▶ Aim of the exercise: Everything from the line containing "Ponte extensa sobre um rio" through the last line of the data below should be given again exactly, both end lines included and nothing more.

▶ Entries shown:
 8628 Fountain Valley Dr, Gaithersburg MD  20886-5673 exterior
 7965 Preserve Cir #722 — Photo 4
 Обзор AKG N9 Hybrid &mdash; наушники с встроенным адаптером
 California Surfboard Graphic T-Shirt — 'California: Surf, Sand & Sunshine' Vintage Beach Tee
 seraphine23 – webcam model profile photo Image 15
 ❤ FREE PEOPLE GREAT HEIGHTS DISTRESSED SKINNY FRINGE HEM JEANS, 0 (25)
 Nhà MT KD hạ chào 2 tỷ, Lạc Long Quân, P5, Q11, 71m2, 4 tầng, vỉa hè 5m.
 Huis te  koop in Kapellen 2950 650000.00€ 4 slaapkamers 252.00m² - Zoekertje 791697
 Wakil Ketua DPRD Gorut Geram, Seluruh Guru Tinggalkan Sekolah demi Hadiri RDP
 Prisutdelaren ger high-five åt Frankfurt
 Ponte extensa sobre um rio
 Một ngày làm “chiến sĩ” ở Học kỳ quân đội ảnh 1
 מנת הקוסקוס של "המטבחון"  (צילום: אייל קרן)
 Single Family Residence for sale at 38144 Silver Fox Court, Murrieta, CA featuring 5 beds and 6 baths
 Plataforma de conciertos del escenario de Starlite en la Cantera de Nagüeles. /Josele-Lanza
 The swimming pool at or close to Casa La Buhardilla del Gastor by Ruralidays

▶ Exercise output:
 Ponte extensa sobre um rio
 Một ngày làm “chiến sĩ” ở Học kỳ quân đội ảnh 1
 מנת הקוסקוס של "המטבחון"  (צילום: אייל קרן)
 Single Family Residence for sale at 38144 Silver Fox Court, Murrieta, CA featuring 5 beds and 6 baths
 Plataforma de conciertos del escenario de Starlite en la Cantera de Nagüeles. /Josele-Lanza
 The swimming pool at or close to Casa La Buhardilla del Gastor by Ruralidays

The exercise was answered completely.